Give back every line of the data, transcribed exactly.

RECORDED DATA:
==========
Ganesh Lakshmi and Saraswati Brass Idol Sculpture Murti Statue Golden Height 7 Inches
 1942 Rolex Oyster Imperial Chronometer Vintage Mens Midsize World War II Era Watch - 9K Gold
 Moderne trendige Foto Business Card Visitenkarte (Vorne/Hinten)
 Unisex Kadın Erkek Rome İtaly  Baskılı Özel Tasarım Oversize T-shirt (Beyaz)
==========
RESPONSE:
Ganesh Lakshmi and Saraswati Brass Idol Sculpture Murti Statue Golden Height 7 Inches
 1942 Rolex Oyster Imperial Chronometer Vintage Mens Midsize World War II Era Watch - 9K Gold
 Moderne trendige Foto Business Card Visitenkarte (Vorne/Hinten)
 Unisex Kadın Erkek Rome İtaly  Baskılı Özel Tasarım Oversize T-shirt (Beyaz)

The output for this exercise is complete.